The wholesome Paultons was immaculate, with helpful staff everywhere, cleaning up tables as soon as they were vacated. It was more akin to the pristine Universal Orlando than the shabbier offerings of some of the UK’s adult-focused theme parks.
“We have taken robotics to a level that no one’s ever seen before”
Universal anticipates 8.5 million visitors to the new park in its first year, and that 32 per cent of these will come from overseas. “We think it’s really going to benefit everybody in the entire industry,” says Thompson.
Speculation around what potential visitors can expect from the new Universal theme park is rife online. Asked for details, he refuses to name any IPs that will feature and says some discussions are still ongoing. But he confirms it will have a distinct British identity: “It’ll be a combination of the greatest properties we have in the Universal library and some UK properties that will be unique to that park as well, as well as all sorts of touches and references to the great cultural history of the UK.”
The president of new ventures promises innovations. In Orlando’s latest theme park, Universal Epic Universe, there are drone dragons flying over the park and a Frankenstein’s monster who walks towards visitors. “We have taken robotics to a level that no one’s ever seen before,” he says.
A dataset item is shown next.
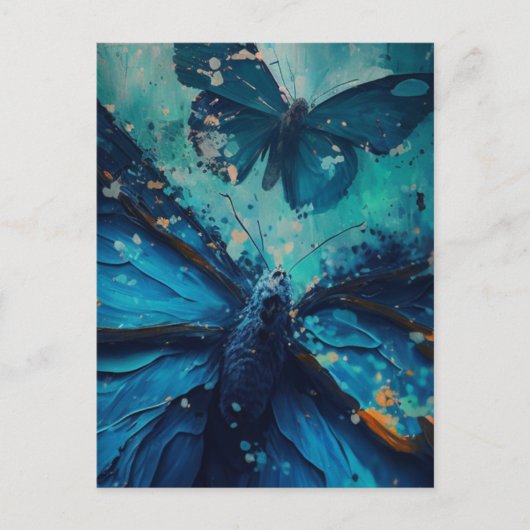 Briefkaart Blauwe Butterflies (Voorkant)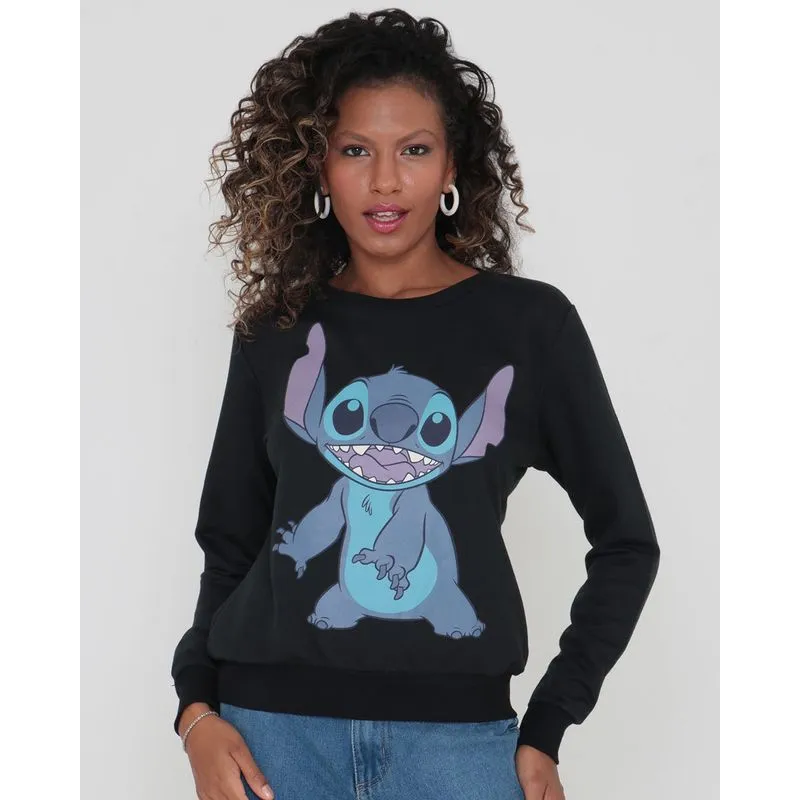 Blusão Feminino Stitch Disney Preta G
There are not just jobs for performers, directors, writers and hospitality workers on the cards – engineering talent will also be needed. Universal is developing relationships with local colleges and universities to establish training programmes for a homegrown workforce.
Thompson appears to promise the American dream: “Our company is the kind of place where you can come in, start as an hourly worker, and rise to a high management position in the company. About 50 per cent of our managers here in Orlando started as hourly workers.”
There is certainly no shortage of enthusiasm for the project in Parliament. Yasin is just as positive as Curtis, describing the new theme park as “like a dream coming true”. “It will help us boost our town centre which is struggling a bit,” he says. “Bedford will be on the map of the world.”